Your instructions: In the listing below, locate the line with "Hall, T Hall, T." and the line with "BUBYO İdari Personeli Kahvaltıda Buluştu", then output both and everything between them exactly, minus any pictures.

Information given:
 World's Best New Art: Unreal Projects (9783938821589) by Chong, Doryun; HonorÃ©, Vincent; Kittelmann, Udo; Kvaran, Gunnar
--
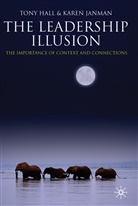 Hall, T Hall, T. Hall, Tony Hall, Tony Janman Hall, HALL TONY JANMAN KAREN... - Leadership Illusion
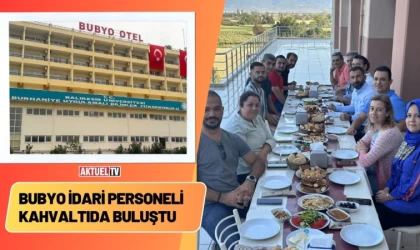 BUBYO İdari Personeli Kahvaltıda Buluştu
==
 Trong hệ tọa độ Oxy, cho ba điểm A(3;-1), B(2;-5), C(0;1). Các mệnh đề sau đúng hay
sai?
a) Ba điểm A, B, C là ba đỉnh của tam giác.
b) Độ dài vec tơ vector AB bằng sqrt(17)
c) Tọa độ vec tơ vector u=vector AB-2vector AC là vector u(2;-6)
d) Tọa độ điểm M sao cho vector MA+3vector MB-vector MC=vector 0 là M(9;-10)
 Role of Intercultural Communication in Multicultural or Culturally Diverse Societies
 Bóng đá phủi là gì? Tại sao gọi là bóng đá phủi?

Result:
 Hall, T Hall, T. Hall, Tony Hall, Tony Janman Hall, HALL TONY JANMAN KAREN... - Leadership Illusion
 BUBYO İdari Personeli Kahvaltıda Buluştu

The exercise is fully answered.